RECORD EXTRACTS section start

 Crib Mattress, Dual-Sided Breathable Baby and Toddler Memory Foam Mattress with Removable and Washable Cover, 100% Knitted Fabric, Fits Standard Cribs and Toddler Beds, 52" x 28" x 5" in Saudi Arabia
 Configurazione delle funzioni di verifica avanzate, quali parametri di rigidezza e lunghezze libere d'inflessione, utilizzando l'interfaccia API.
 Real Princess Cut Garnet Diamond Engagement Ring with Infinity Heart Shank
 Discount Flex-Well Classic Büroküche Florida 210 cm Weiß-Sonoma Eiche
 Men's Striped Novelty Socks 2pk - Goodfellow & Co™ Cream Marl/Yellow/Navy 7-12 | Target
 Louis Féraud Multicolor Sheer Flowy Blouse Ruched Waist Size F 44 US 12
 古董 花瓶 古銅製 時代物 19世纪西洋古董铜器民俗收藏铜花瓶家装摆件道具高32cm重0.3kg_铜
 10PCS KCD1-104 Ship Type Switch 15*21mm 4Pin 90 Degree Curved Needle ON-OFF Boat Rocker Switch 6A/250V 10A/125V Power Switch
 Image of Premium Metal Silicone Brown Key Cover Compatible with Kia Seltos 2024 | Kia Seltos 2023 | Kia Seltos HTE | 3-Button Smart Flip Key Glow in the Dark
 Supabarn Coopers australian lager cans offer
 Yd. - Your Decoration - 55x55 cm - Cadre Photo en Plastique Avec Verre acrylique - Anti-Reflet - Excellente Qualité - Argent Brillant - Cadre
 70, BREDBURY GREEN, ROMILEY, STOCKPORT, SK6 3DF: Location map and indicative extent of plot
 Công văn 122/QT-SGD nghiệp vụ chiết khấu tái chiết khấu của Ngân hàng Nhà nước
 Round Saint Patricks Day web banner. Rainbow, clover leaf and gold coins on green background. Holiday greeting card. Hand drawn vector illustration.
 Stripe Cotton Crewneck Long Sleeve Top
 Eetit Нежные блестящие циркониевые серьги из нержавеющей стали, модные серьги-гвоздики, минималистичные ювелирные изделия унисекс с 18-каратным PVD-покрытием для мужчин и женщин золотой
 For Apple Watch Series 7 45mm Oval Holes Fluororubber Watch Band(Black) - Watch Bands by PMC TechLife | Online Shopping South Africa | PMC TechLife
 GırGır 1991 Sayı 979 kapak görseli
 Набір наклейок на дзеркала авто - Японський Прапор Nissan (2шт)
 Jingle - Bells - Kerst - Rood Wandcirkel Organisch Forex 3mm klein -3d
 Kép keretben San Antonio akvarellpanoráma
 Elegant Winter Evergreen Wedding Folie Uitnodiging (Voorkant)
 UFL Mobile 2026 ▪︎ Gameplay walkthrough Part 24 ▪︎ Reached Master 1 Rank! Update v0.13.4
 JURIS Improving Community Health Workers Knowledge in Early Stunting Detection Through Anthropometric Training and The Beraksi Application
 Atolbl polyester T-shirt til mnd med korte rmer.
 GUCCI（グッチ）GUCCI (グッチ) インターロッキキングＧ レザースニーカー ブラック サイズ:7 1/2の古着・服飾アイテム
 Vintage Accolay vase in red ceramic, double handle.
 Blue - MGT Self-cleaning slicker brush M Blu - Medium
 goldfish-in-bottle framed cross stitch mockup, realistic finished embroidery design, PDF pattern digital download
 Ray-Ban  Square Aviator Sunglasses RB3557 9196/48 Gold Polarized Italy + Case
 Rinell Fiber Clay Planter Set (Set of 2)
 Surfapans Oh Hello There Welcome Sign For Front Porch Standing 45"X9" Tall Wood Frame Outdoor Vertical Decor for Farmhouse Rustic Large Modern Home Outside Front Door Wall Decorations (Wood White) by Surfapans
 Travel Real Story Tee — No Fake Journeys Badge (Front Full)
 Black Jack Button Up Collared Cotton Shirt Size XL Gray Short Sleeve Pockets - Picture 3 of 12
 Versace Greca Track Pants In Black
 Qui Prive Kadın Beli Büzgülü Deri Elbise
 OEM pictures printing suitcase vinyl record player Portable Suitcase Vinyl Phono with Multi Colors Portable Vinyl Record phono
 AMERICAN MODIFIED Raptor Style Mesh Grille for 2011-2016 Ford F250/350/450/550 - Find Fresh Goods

RECORD EXTRACTS section end

In restating the data, begin at its first line, reproduce each line word for word, and conclude with the line that contains "10PCS KCD1-104 Ship".

RESPONSE →
 Crib Mattress, Dual-Sided Breathable Baby and Toddler Memory Foam Mattress with Removable and Washable Cover, 100% Knitted Fabric, Fits Standard Cribs and Toddler Beds, 52" x 28" x 5" in Saudi Arabia
 Configurazione delle funzioni di verifica avanzate, quali parametri di rigidezza e lunghezze libere d'inflessione, utilizzando l'interfaccia API.
 Real Princess Cut Garnet Diamond Engagement Ring with Infinity Heart Shank
 Discount Flex-Well Classic Büroküche Florida 210 cm Weiß-Sonoma Eiche
 Men's Striped Novelty Socks 2pk - Goodfellow & Co™ Cream Marl/Yellow/Navy 7-12 | Target
 Louis Féraud Multicolor Sheer Flowy Blouse Ruched Waist Size F 44 US 12
 古董 花瓶 古銅製 時代物 19世纪西洋古董铜器民俗收藏铜花瓶家装摆件道具高32cm重0.3kg_铜
 10PCS KCD1-104 Ship Type Switch 15*21mm 4Pin 90 Degree Curved Needle ON-OFF Boat Rocker Switch 6A/250V 10A/125V Power Switch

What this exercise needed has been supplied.